_ABOUT THIS EXERCISE:_ Beginning with the first line of the data below, extract each line up to and including the one containing "btn-success btn-sm float-right". Copy them exactly and add nothing.

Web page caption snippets
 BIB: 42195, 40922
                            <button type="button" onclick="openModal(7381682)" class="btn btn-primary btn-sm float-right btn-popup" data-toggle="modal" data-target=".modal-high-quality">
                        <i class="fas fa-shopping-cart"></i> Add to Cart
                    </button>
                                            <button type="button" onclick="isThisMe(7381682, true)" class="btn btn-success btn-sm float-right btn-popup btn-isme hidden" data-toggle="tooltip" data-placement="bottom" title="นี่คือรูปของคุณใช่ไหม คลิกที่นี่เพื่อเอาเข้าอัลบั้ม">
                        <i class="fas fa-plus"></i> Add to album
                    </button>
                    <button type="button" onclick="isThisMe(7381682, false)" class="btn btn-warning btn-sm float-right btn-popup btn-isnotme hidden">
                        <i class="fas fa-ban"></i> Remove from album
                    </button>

_RESULT:_
 BIB: 42195, 40922
                            <button type="button" onclick="openModal(7381682)" class="btn btn-primary btn-sm float-right btn-popup" data-toggle="modal" data-target=".modal-high-quality">
                        <i class="fas fa-shopping-cart"></i> Add to Cart
                    </button>
                                            <button type="button" onclick="isThisMe(7381682, true)" class="btn btn-success btn-sm float-right btn-popup btn-isme hidden" data-toggle="tooltip" data-placement="bottom" title="นี่คือรูปของคุณใช่ไหม คลิกที่นี่เพื่อเอาเข้าอัลบั้ม">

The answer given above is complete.